- [Activity]: Repeat only what runs from the line with "Chevrolet Korea Spark 2016 — photo 3" through the last line of the data below, both included, keeping every word as it is and leaving out the pictures.

[Opening Information provided section]

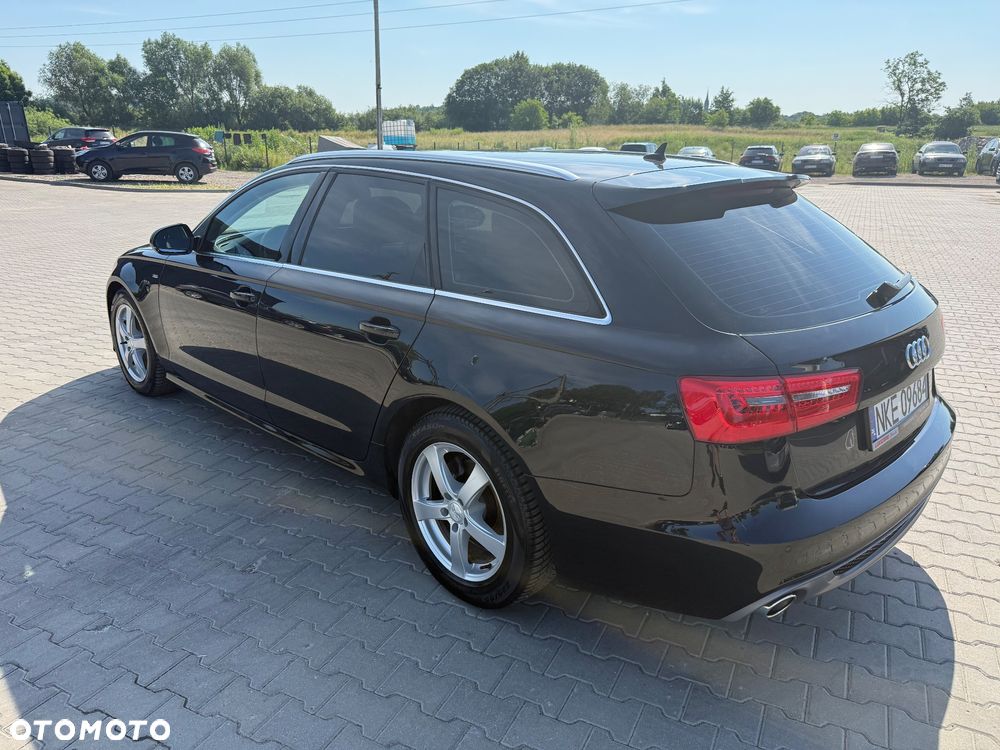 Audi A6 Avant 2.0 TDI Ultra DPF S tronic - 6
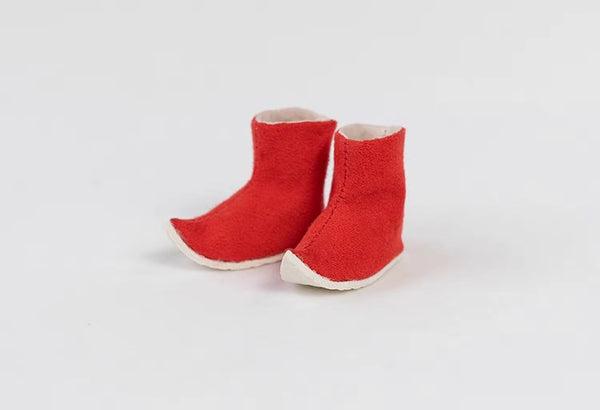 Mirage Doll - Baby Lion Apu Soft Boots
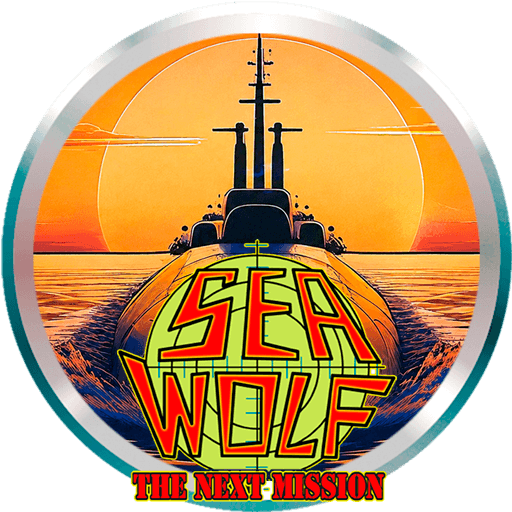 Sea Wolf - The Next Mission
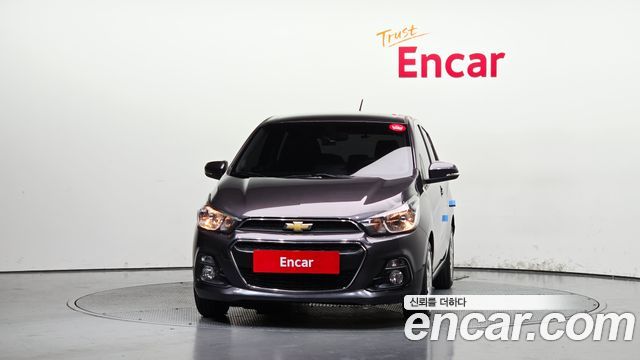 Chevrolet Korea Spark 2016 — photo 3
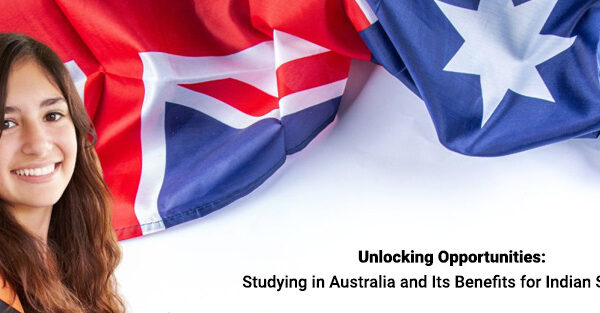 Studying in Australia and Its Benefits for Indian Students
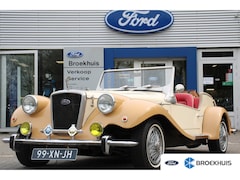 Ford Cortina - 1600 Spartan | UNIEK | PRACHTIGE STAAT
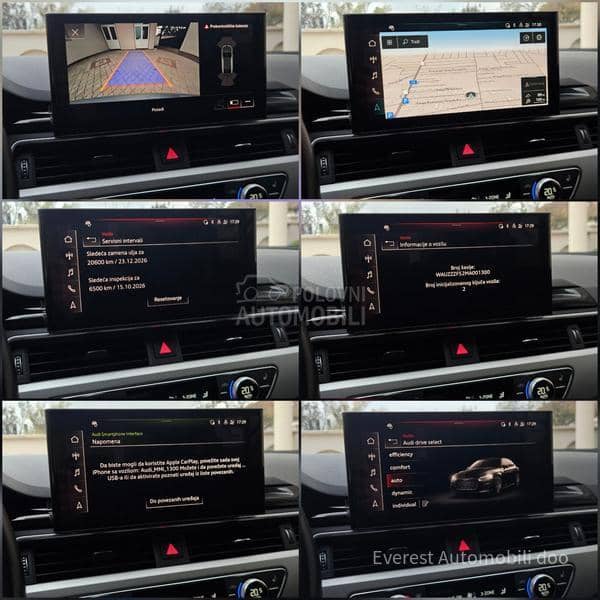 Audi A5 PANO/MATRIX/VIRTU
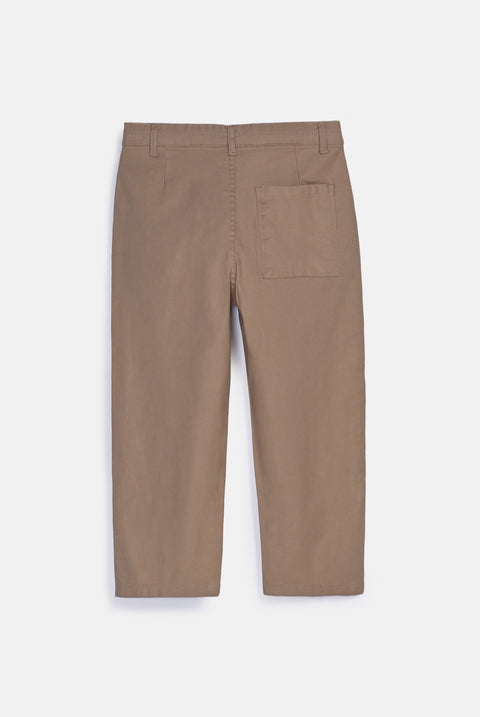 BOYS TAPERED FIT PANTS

[Closing Information provided section]

- [Solved problem]:
 Chevrolet Korea Spark 2016 — photo 3
 Studying in Australia and Its Benefits for Indian Students
 Ford Cortina - 1600 Spartan | UNIEK | PRACHTIGE STAAT
 Audi A5 PANO/MATRIX/VIRTU
 BOYS TAPERED FIT PANTS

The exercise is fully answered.